§ TASK TO COMPLETE: There is material below. Print exactly the lines starting at the line with "Rojales - Rojales Centro" and ending at the line with "Tein rautalangasta rungon, johon", ends included, and no others.

§ DATA TO PROCESS:
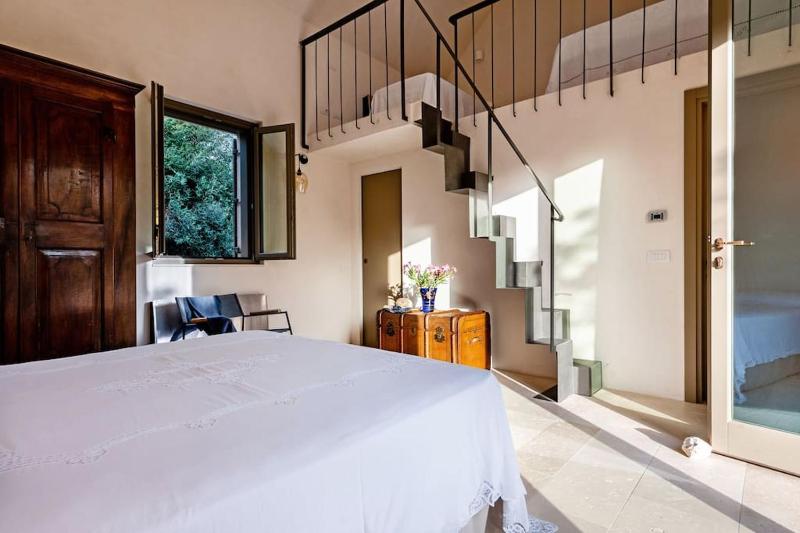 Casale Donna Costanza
---
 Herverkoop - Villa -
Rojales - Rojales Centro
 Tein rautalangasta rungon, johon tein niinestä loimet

§ WRITTEN SOLUTION:
Rojales - Rojales Centro
 Tein rautalangasta rungon, johon tein niinestä loimet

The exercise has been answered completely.